Image result for 1984

 

Faisal Islam has just pointed out some subtle rewording of Government papers on Brexit. The word “unlikely” in relation to a “no deal” has been quietly removed. Note the before and after examples below regarding medicines. Apparently, all departments have done the same thing.

!!!a
Before…
!!!b
After…
Update notice.

Although Mrs May says that her deal is the only deal, that she will not allow a second referendum and that she will not contemplate crashing out with no deal (although at one time “no deal was better than a bad deal”)…

And although traditionally, Cabinet responsibility demands loyalty, I see that this morning Rudd was proposing that if there should be no agreement on Mrs May’s deal (pretty much a certainty), a second referendum might have to be called.

And at the same time, Leadsom, the fox hunter, has been suggesting that a “managed” no deal (what’s that?) would be possible.

So, that’ll be May being strong, stable and clear… huh?

***********

Tris remains indisposed (it’s coming out of his wages) and today’s article appears thanks to Munguin himself!

 

26 thoughts on ““Unlikely” disappears from UK government Brexit papers”
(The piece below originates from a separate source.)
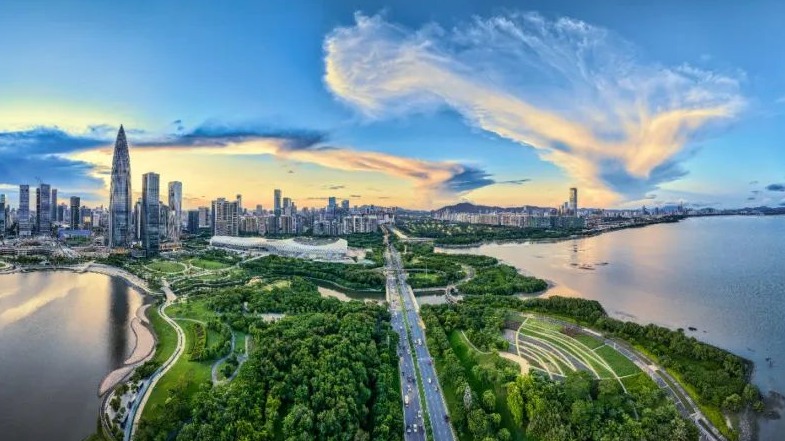 努力完成全年经济社会发展目标任务——贯彻落实中央关于当前经济工作决策部署系列评论之一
  1. Hope you feel much better soon, Tris. Make sure that Munguin guy pulls his weight and looks after you!! I know it’s ‘unlikely’, but he might get some pointers from TM at WM before he attempts to wash up the china and brexit a’.

    Ah’ll away noo afore someone shouts at me.

    Liked by 2 people

  2. sorry you have a lurgy. Having now read the previous thread, how on earth did you get a docs appointment that quickly!

    TBH I don’t think anything Westminster will do now can surprise me. I think no deal means riots on the English streets again. Maybe Scotland should take advantage of the chaos and slip away quietly…

    Liked by 1 person

    1. If you phone my surgery at 8 o’clock in the morning, you can get an appointment on the day, PP.

      I suspect it could be riots in England either way.

      No deal and food shortages… or another referendum and the Daily Mail and Express stirring up hatred about remoaners.

      Nip out the back door while they are otherwise engaged?

      Sounds like a plan.

      Liked by 2 people

        1. I think the Icelanders did the same sort of thing, although they were already independent under the Danish Crown (1918), but they declared themselves a republic in 1944.

          Like

  3. Ah yes, another day, another episode in the Westminster and Washington soap opera… maybe we could call it “The West Winging It”.

    I read recently that the EU – can’t remember which bit of it – were recommending that countries act generously toward the UK, and allow various activities to continue for a bit after a no-deal Brexit. One of the things I remember was that lorry drivers would be able to continue driving throughout Europe (for nine months, I think it was) even though their permits would be technically invalid. Another was that enough flights should be allowed to ensure “basic connectivity” even though the UK will technically be out of the European free skies arrangement. There was something in there about passporting for the UK’s financial institutions as well.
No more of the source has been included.